First of all, I must admit that I really care about my privacy. I do my best to scan all my documents if I cannot get them in a digital version.
Quickly, I realized that finding a reliable way to back all this stuff up was “just” mandatory. I tried a few ways, using a “space exchange” with a friend of mine on each other’s server. (I really trust him if you were to guess at the first sentence).
A few months earlier (well, it could be years now by the way), I subscribe to different Cloud Storage Services, like Dropbox, Box or hubiC.
The last one, hubiC, is a service hosted by OVH, a french very well-known service provider. I host some services within their services (this website, at the time of writing this post 🙂 for example). I used hubiC for free for a long period of time and the service kept on improving. As a French Citizen (beside being a GeekCitizen), I really care about where my datas are hosted. As everyone know, in the USA, my datas are not as safe as I might expect. So hubiC seemed to be a good choice (and it is for me !!). I’m not that a paranoid but really think we should all care of our privacy. (I think of those person who were stolen their digital identity and more).

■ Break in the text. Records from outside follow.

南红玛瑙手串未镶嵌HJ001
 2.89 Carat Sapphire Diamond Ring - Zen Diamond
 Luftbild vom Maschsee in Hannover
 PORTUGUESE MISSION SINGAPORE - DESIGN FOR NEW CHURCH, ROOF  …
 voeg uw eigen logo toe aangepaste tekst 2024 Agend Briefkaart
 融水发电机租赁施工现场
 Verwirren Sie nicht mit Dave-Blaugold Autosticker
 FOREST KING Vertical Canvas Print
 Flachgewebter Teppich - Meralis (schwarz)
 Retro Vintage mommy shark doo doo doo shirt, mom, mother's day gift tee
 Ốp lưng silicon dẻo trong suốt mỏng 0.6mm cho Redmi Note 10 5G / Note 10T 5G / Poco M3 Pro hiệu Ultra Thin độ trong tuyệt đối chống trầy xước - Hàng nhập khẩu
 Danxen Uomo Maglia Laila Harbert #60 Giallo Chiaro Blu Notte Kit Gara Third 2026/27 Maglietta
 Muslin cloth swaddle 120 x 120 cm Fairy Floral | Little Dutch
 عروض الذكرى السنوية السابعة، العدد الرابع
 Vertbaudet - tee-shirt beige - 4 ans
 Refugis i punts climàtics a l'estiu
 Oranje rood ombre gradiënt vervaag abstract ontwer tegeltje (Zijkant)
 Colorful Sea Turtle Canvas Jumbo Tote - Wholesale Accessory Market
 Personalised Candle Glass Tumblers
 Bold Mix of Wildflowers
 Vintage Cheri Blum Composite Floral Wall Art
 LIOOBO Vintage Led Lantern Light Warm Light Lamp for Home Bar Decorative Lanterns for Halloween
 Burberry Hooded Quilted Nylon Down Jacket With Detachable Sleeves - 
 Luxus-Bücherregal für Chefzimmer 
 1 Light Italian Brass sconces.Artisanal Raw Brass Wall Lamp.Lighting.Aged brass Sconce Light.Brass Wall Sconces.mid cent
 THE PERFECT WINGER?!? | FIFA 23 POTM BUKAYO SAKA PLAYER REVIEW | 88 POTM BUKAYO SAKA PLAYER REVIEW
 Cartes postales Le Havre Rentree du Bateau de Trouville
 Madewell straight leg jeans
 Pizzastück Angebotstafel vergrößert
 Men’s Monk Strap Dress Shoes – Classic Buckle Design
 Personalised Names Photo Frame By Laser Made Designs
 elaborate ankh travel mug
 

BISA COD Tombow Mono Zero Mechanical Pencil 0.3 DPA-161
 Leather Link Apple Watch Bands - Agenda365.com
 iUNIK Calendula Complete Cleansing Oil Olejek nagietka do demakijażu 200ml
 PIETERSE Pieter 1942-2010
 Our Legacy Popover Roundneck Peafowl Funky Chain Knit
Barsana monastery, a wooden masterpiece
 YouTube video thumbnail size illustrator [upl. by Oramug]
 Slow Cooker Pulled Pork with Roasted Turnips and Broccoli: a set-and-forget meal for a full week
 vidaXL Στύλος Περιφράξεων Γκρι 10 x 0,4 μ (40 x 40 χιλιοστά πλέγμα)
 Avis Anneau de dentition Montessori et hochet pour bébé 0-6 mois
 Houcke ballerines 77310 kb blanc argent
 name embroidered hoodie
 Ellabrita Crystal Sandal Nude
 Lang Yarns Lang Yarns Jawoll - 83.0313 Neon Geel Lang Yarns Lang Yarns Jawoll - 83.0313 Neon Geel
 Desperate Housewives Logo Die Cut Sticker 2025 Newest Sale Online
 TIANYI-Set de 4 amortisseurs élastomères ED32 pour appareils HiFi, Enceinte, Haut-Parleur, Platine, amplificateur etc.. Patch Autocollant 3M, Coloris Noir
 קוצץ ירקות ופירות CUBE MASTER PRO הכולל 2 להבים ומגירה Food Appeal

I will stop here for Privacy blabla, my stuff blabla, … and will just go with the program I wrote. By the way, it’s really an interesting topic we can discuss. Just connect with me, we could discuss around a beer if you want.
One last thing : I’m not a Consultant and don’t code in my day to day job (by the way, I don’t want that, I code only if I need something for personal reasons). But, like everything I do, I try to develop my skills to extend the trust my customer can have while discussing with me. I may probably use these dev’ skills in my daily duty with my customers to be credible when I speak with Ops or Dev guys.
1. Describing the program I expect
I will start with the easiest : I want to backup any file in the Cloud and have the option to encrypt the files. One thing to note is I truly believe that you need to manage your encryption keys yourself. I decided to go with OpenPGP keys in the script.
The program also need to be configurable easily without requiring the edition of the program itself. So, need to read its configuration from an external file.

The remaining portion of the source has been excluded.